Your objective.
Every line from the one with "Pronájem ordinace 1499" to the end of the listing below must be printed exactly, with no other text and no pictures.
*** The data Section Begins ***
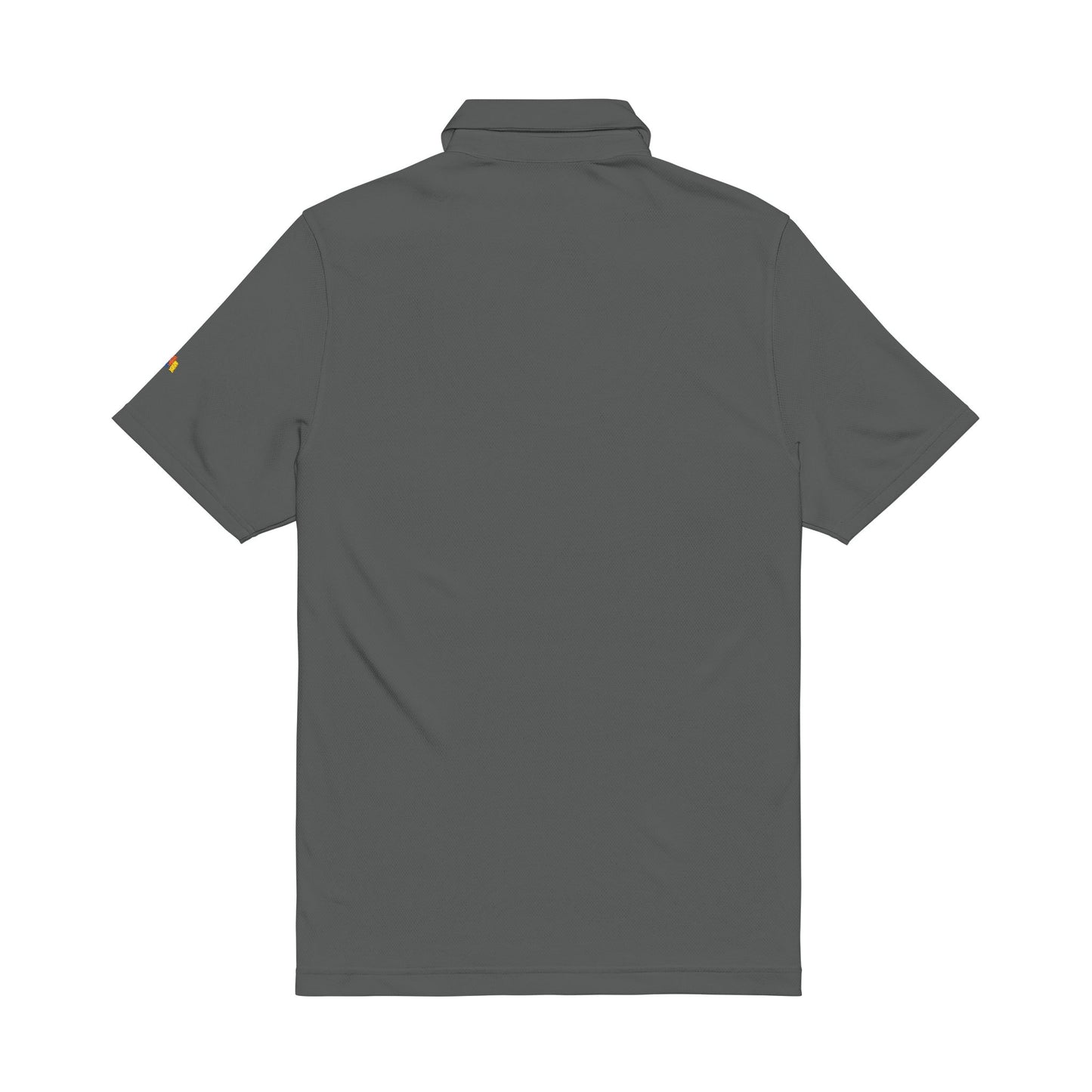 Premium Men's Polo Shirt - Elevate Your Style Game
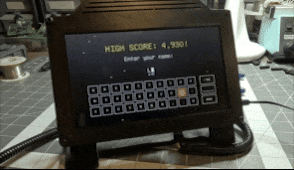 a GIF of my 8-bit game console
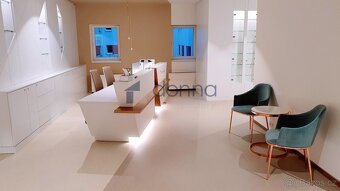 Pronájem ordinace 1499 m² Na Poříčí, Praha - Nové Město - 5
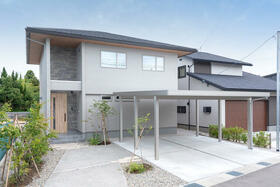 富山県富山市中川原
*** The data Section Ends ***
Answer for this exercise.
 Pronájem ordinace 1499 m² Na Poříčí, Praha - Nové Město - 5
 富山県富山市中川原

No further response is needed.